Directeur d’acteurs hors pair

Quatrième point : son talent de directeur d’acteurs. Daniel Day-Lewis, Hugh Grant, Anthony Hopkins, Christopher Walken, Kris Kristofferson, Paul Newman, Nick Nolte, James Mason, Ralph Fiennes, Alan Bates, Julian Sands, côté hommes ; Helena Bonham-Carter, Maggie Smith,  Judi Dench, Emma Thompson, Isabelle Adjani, Julie Christie, Vanessa Redgrave, Raquel Welch, Lee Remick, Julianne Moore, Uma Thurman, lui ont donné leur meilleur, même quand les films ne s’avéraient finalement pas à la hauteur des attentes, y ont donné le meilleur d’eux-mêmes.

Dernier point : ses plus grandes réussites se déroulent dans un passé, souvent victorien. D’où sa prédilection pour les mondes en devenir, au bord du gouffre, et qui permettent à ses personnages de se révéler à eux-mêmes – ou bien de rester dans une position figée face à l’Histoire. S’il n’a certes pas la grandiloquence opératique et baroque d’un Luchino Visconti, ni la puissance fictionnelle et visuelle d’un Joseph Losey, James Ivory n’en demeure pas moins par l’attention qu’il porte aux détails l’un des plus lucides et acerbes cinéastes sur le genre humain et les ironies de l’Histoire.

Avant la sortie du miracle Call me by your name, Chambre avec vue figure notamment parmi les six films indispensables dans sa pléthorique filmographie :

Quartet (1981)

En sélection officielle Cannes 1981, Quartet rassemble un quartet d’acteurs majestueux : Maggie Smith, Alan Bates, Isabelle Adjani et Anthony Higgins. La France des Années folles, Montparnasse et ses artistes, vus à travers les yeux de deux couples, qui ne comprennent rien au désastre à venir. Très belle adaptation de Jean Rhys, Quartet est le récit d’une double emprise, psychologique et artistique, orchestrée par un quatuor d’acteurs au sommet, dont Isabelle Adjani qui reçoit cette année-là un double prix d’interprétation à Cannes pour Quartet et Possession – le choc des extrêmes…

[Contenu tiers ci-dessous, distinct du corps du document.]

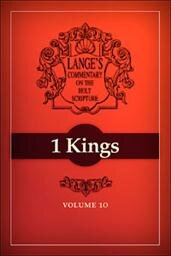 A Commentary on the Holy Scriptures: 1 Kings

Chaleur et poussière (1982)

Greta Scacci et Julie Christie resplendissantes, les difficultés de communication entre l’Orient et l’Occident, deux trajectoires parallèles de deux femmes qui s’émancipent de leur milieux respectifs – l’une, de l’Inde coloniale, l’autre, de l’Angleterre  contemporaine -, avant de se rejoindre le temps d’un plan proustien, à 50 ans d’intervalles. L’adieu de James Ivory à son pays de prédilection, l’Inde. A redécouvrir, même si on rêve de ce qu’aurait pu en faire en termes de folie romanesque et d’audace narratives Jane Campion.


CHAMBRE AVEC VUE (1985)

Dans cette gourmande adaptation d’EM. Forster (dont David Lean avait adapté en 1984 La Route des Indes), James Ivory entame une nouvelle ère, plus british, tout en creusant son sillon : un couple hors normes, dans l’Angleterre victorienne, face aux contraintes sociales de son milieu. Pour y échapper, direction la Toscane, dépeinte déjà ici comme le lieu de la sensualité et de l’épanouissement des sentiments. Avec son chef opérateur Tony Pierce-Roberts, James Ivory cisèle une imagerie riche qui oppose les tonalités chaudes et mordorées de l’Italie florentine aux verts frais et humides de l’Angleterre victorienne. Et livre une éducation sentimentale revisitée par la théorie des climats, comme autant de chapitres d’un livre. Chaque séquence étant introduite par un carton qui renforce l’aspect irrévérencieux et chromo de cette love story drôle et délicate.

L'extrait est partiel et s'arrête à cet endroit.